Infinite loop bug in Gridsearch CV Svm.SVC(), Windows 10
See original GitHub issueThis is going to be a bit shorter as I cannot determine with 100% accuracy what steps are causing this bug.
Setup: Windows 10 most recent update Anaconda most recent update Jupyter Notebook and Prompt latest update (issue tested in both; no warnings, errors, bugs, etc are printed in either) All packages (scikit, numpy, etc.) latest update AMD FX 8350 8-core Nvidia GeForce GTX 980 16 GB ram
The issue: When running with n_jobs set to -1, my grid_search_wrapper runs fine when calculating MLPClassifier() and takes up ~70% of CPU processing power. The jobs (192 x 10 crossvalidation = 1920) run in about 8 minutes and returns the expected dataframe of results.
When running with the clf set to a SVM machine, the process always starts up and prints out:
Fitting X folds for each of Y candidates, totalling (sic) X*Y fits
After this, my computer sits for hours without any progress. Killing the kernel does not halt the ~10-15 spawned processes. When n_jobs is set to -1 killing python through task manager ends the CPU usage. When n_jobs = 1, my CPU usage is only ~20% (I believe only one core is being utillized) but no python processes are spawned in task manager. I have to restart my computer to stop the single core calculation.
Note that training individual models without passing them through the gridsearch function succeeds. I have not tested all combinations by hands, but I have tested all the individual kernels. Training an SVM model took, on average, 1-2 minutes when running singularly.
Here are the following variations of inputs and the resultant output of the grid_search_wrapper function:
with n_jobs = -1:
ml_params = {
'kernel': ['linear', 'poly', 'rbf', 'sigmoid'],
'degree': [2,3,4],
tol': [1e-3, 1e-4, 1e-2]
}
FAIL
ml_params = {
'kernel': ['linear', 'rbf', 'sigmoid'],
}
PASS
ml_params = {
'kernel': ['linear', 'rbf', 'sigmoid'],
tol': [1e-3, 1e-4, 1e-2]
}
FAIL
ml_params = {
'kernel': ['linear']
}
Pass
ml_params = {
'kernel': ['rbf']
}
Pass
ml_params = {
'kernel': ['sigmoid']
}
Pass
ml_params = {
'kernel': ['poly']
}
FAIL
with n_jobs = 1:
ml_params = {
'kernel': ['linear', 'poly', 'rbf', 'sigmoid'],
'degree': [2,3,4],
tol': [1e-3, 1e-4, 1e-2]
}
FAIL
ml_params = {
'kernel': ['linear', 'rbf', 'sigmoid'],
}
FAIL
ml_params = {
'kernel': ['linear', 'rbf', 'sigmoid'],
tol': [1e-3, 1e-4, 1e-2]
}
FAIL
ml_params = {
'kernel': ['linear']
}
Pass
ml_params = {
'kernel': ['rbf']
}
Pass
ml_params = {
'kernel': ['sigmoid']
}
Pass
ml_params = {
'kernel': ['poly']
}
FAIL
Note that k_folds was set to 3 instead of 10 as was used when training MLPClassifier in order to help facilitate figuring out what was happening with SVM. I think this setting is irrelevant to the problem.

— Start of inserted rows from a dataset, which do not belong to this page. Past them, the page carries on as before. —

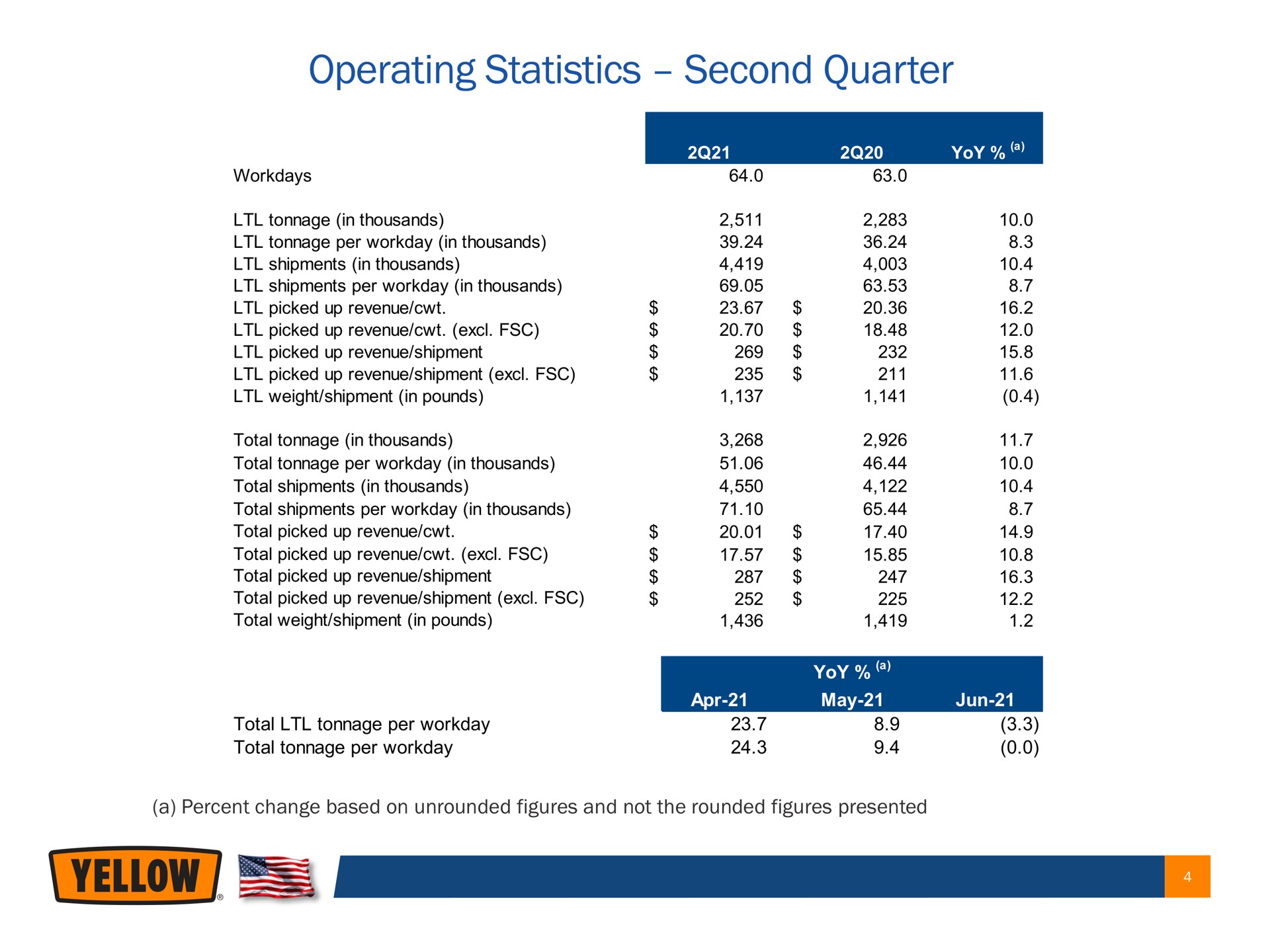 operating statistics second quarter | Yellow Corporation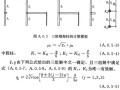 结构工程师计算公式,结构工程师基本知识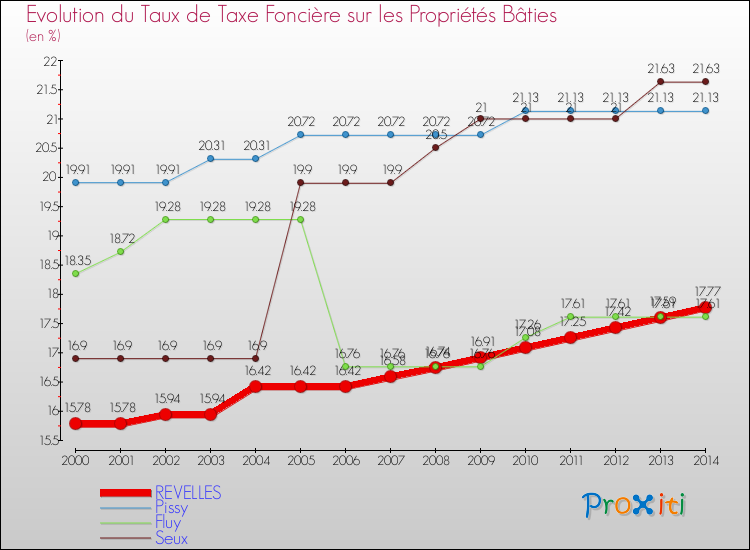Evolution du taux de la taxe foncière sur le bati pour REVELLES et les communes proches de 2000 à 2014 Comparaison des taux de taxe foncière sur le bati pour REVELLES et les communes voisines de 2000 à 2014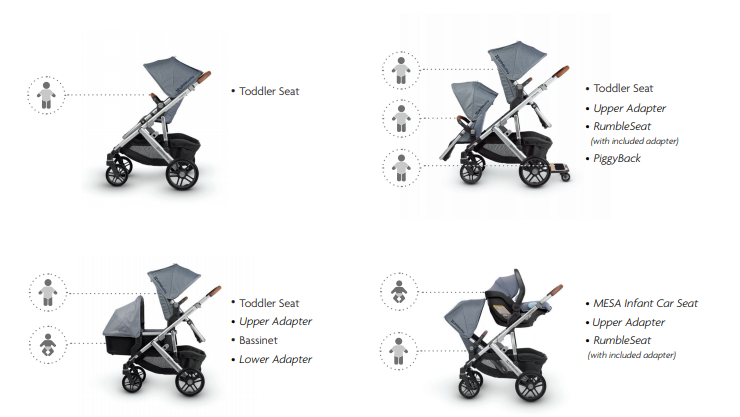 Uppababy Vista Lower Adapter Babyrama
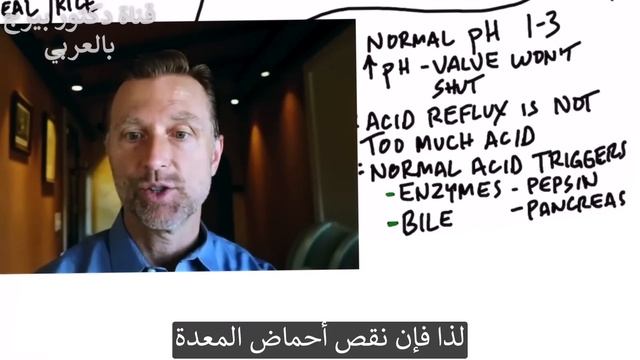 ملعقتان قبل الطعام بهذه الطريقة للتخلص من حرقة المعدة وارتجاع المريء والنفخة وتساعد على الهضم смотреть онлайн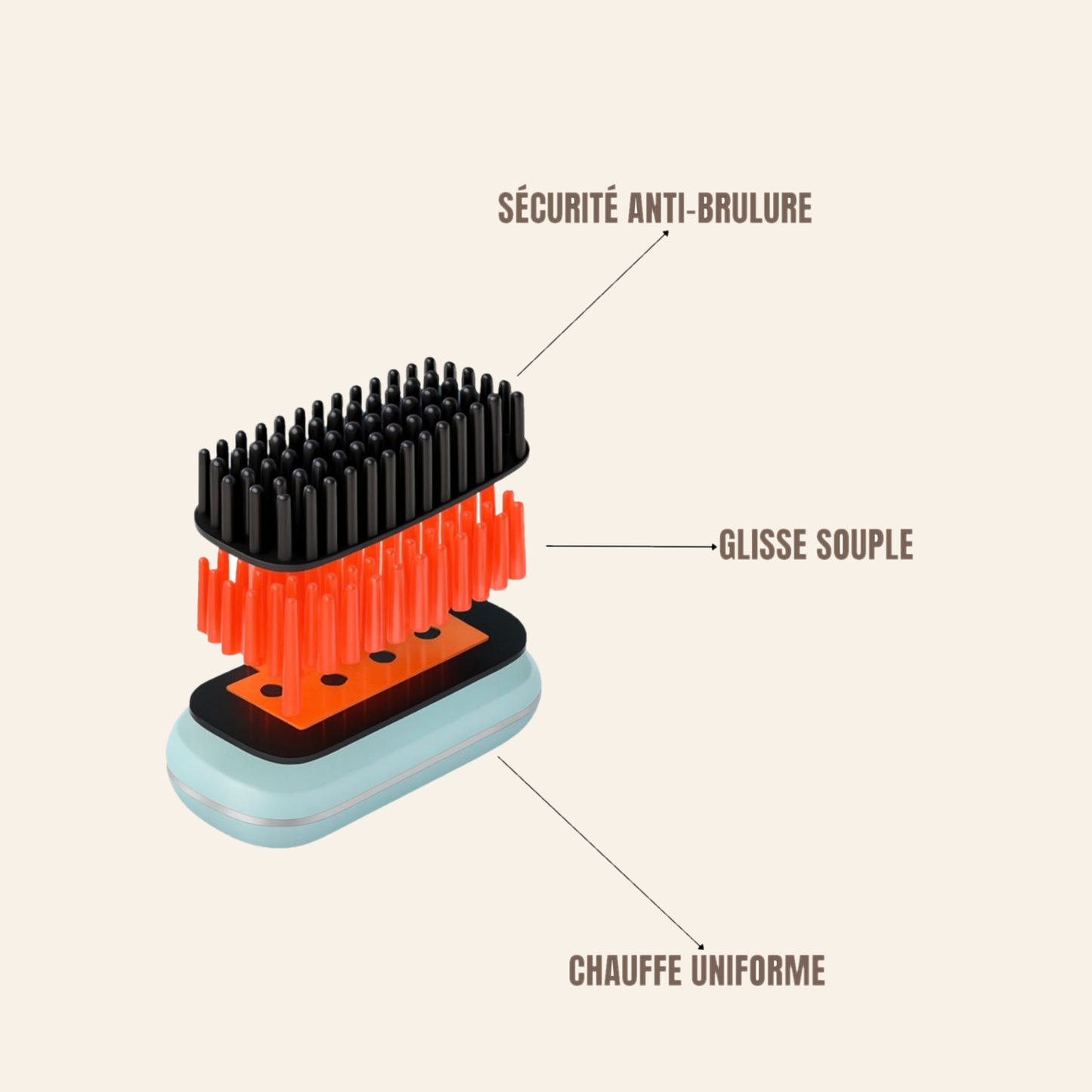 Brosse Lissante Chauffante LISSÉA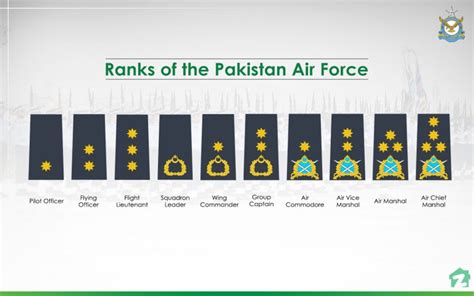 All About Ranks In The Pakistan Armed Forces Zameen Blog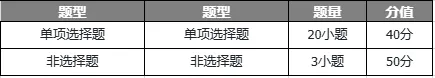 速看!2026 广州中考时间已定,各科试卷结构全整理-第14张图片-四季读书网 速看!2026 广州中考时间已定,各科试卷结构全整理-第14张图片-四季读书网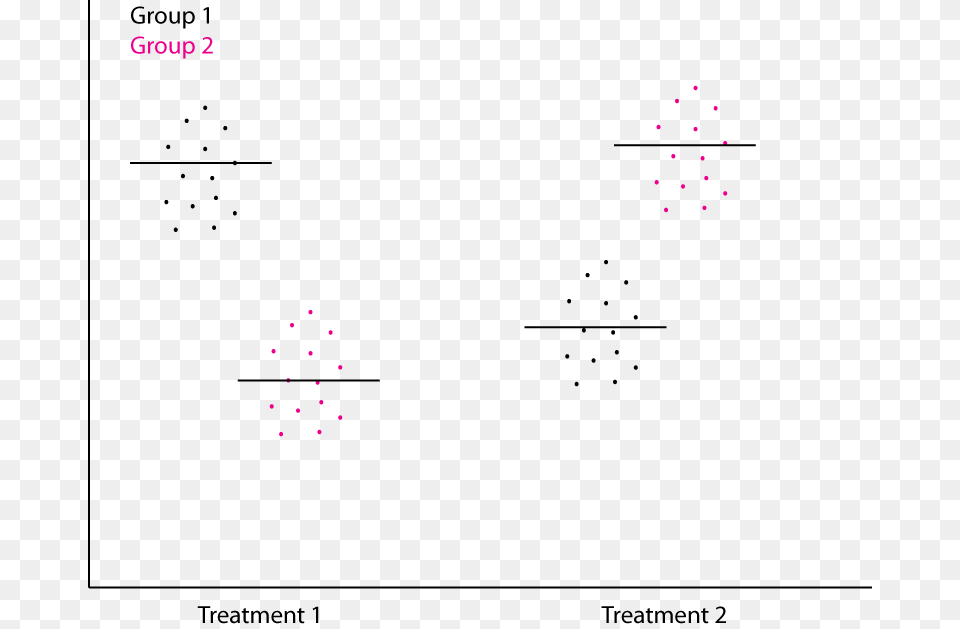 Example Dotplot Company, Chart, Scatter Plot Free Transparent Png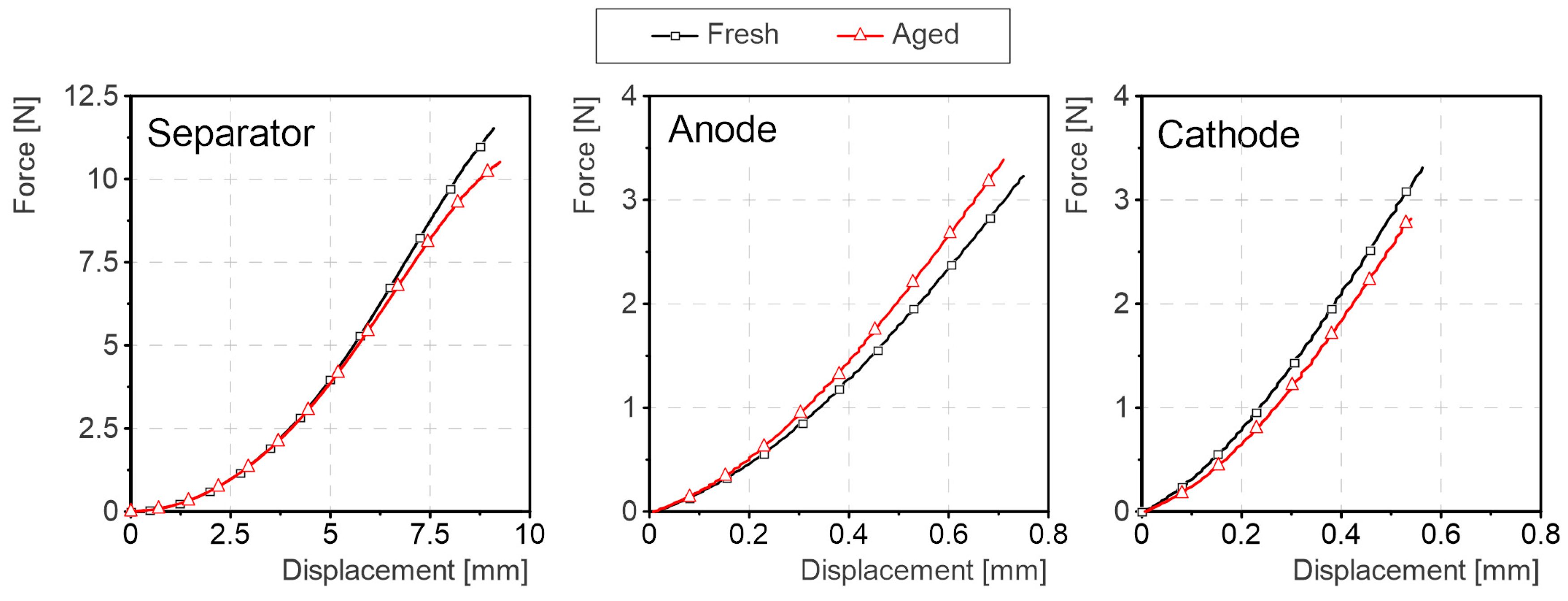 Batteries 11 00099 g0a8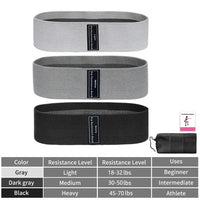 Fabric Resistance Bands (Set of 3) | Non - Slip Exercise Loops for Legs & Glutes - Omnixa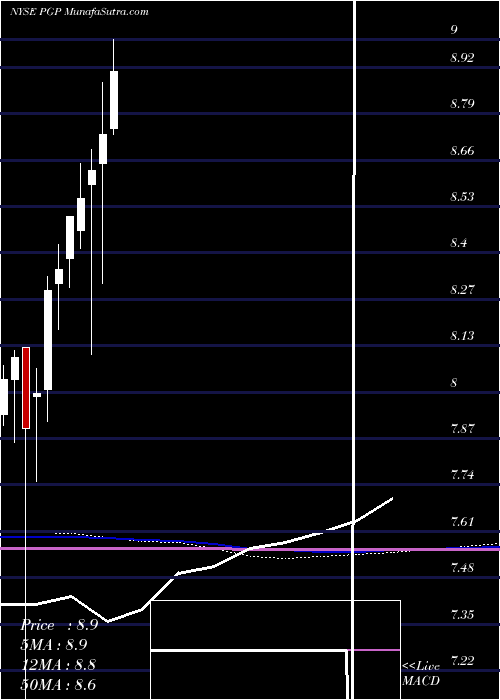  monthly chart PimcoGlobal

Data set: 15000 instances x 90 predictors (relatively small, memory usage is about 2 GB during SVM runs)
Code dump:
def grid_search_wrapper(clf, param_grid, scoring, X_train, X_test, y_train, y_test, refit_score='accuracy_score'):
#https://towardsdatascience.com/fine-tuning-a-classifier-in-scikit-learn-66e048c21e65
from sklearn.model_selection import GridSearchCV
from sklearn.model_selection import StratifiedKFold
"""
fits a GridSearchCV classifier using refit_score for optimization
prints classifier performance metrics
"""
skf = StratifiedKFold(n_splits=3)
grid_search = GridSearchCV(clf, param_grid, cv = skf, scoring=scorers, refit=refit_score, return_train_score=True, n_jobs=1, verbose = 1)
grid_search.fit(X_train, y_train)
# make the predictions
y_pred = grid_search.predict(X_test)
print('Best params for {}'.format(refit_score))
print(grid_search.best_params_)
# confusion matrix on the test data.
print('\nConfusion matrix of Model optimized for {} on the test data:'.format(refit_score))
print(pd.DataFrame(confusion_matrix(y_test, y_pred),
columns=['pred_neg', 'pred_pos'], index=['neg', 'pos']))
return grid_search
#ignore my shitty code and not importing at the top
from sklearn.metrics import roc_curve, precision_recall_curve, auc, make_scorer, recall_score, accuracy_score, precision_score, confusion_matrix
#gridsearch for optimal MLPs
#ml_params = {
# 'activation': ['relu', 'tanh', 'logistic'],
# 'alpha': [1e-3, 1e-4, 1e-5, 1e-6],
# 'hidden_layer_sizes': [[100,25,], [50,50,], [75,25,25], [50,25,10]],
# 'max_iter': [100, 500, 1000, 2500]
#}
ml_params = {
# 'kernel': ['linear', 'poly', 'rbf', 'sigmoid'],
#poly kernel is problematic
'kernel': ['linear', 'rbf', 'sigmoid'],
#'degree': [2,3,4],
'tol': [1e-3, 1e-4, 1e-2]
#SVC(C=1.0, cache_size=200, class_weight=None, coef0=0.0,
# decision_function_shape='ovr', degree=3, gamma='scale', kernel='rbf',
# max_iter=-1, probability=False, random_state=None, shrinking=True,
# tol=0.001, verbose=False)
}
scorers = {
'precision_score': make_scorer(precision_score),
'recall_score': make_scorer(recall_score),
'accuracy_score': make_scorer(accuracy_score)
}
grid_search_clf = grid_search_wrapper(refit_score = 'recall_score', param_grid = ml_params, scoring = scorers, X_train = x_train, X_test = x_test, y_train = y_train, y_test = y_test, clf = svm.SVC())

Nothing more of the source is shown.